Il Giappone è spesso, anzi sempre, molto lontano. È un paese pieno di pesce crudo e io non sopporto quelle cose viscide e bagnate, si fanno una marea di inchini e io soffro da sempre di un insopportabile mal di schiena, hanno una lingua e una scrittura incomprensibile e io faccio fatica a capire spesso anche l'italiano.
Ho difficoltà a 'leggerlo', a comprenderne le dinamiche, le abitudini, ma soprattutto le letterature.

E tutto è insopportabilmente e straordinariamente minimalista, affascinante e sognante.
Io mi sento sempre sospeso, fluttuante, tra le pagine di un autore del Sol levante.
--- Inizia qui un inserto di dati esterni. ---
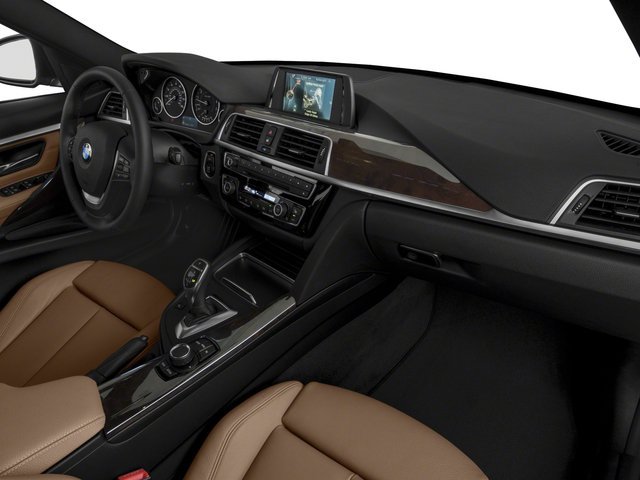 Used 2018 Alpine White BMW 330i image 19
E alla fine del libro, come questo, mi domando sempre:
- E allora?
La storia si svolge tra le mura di un negozio di cose usate, di arte abbandonata, di macchine inutili e di bellezze dagli occhi a mandorla.
Il signor Nakano ne è il proprietario, a volte burbero e assente, a volte affettuoso e ingombrante.
E i giovani - in particolare Hitomi che ci conduce in questo viaggio - che lavorano con lui, la sorella, le sue amanti, i clienti e i personaggi tutti ruotano intorno a lui, lo scrutano, lo cercano, lo spostano, lo dimenticano e lo interrogano.
È un libro 'leggero' per sua natura, per suo orientamento, per suo fine.
Bisogna stare ancorati a qualcosa quando lo si sfoglia. Un colpo di vento ci può portare via.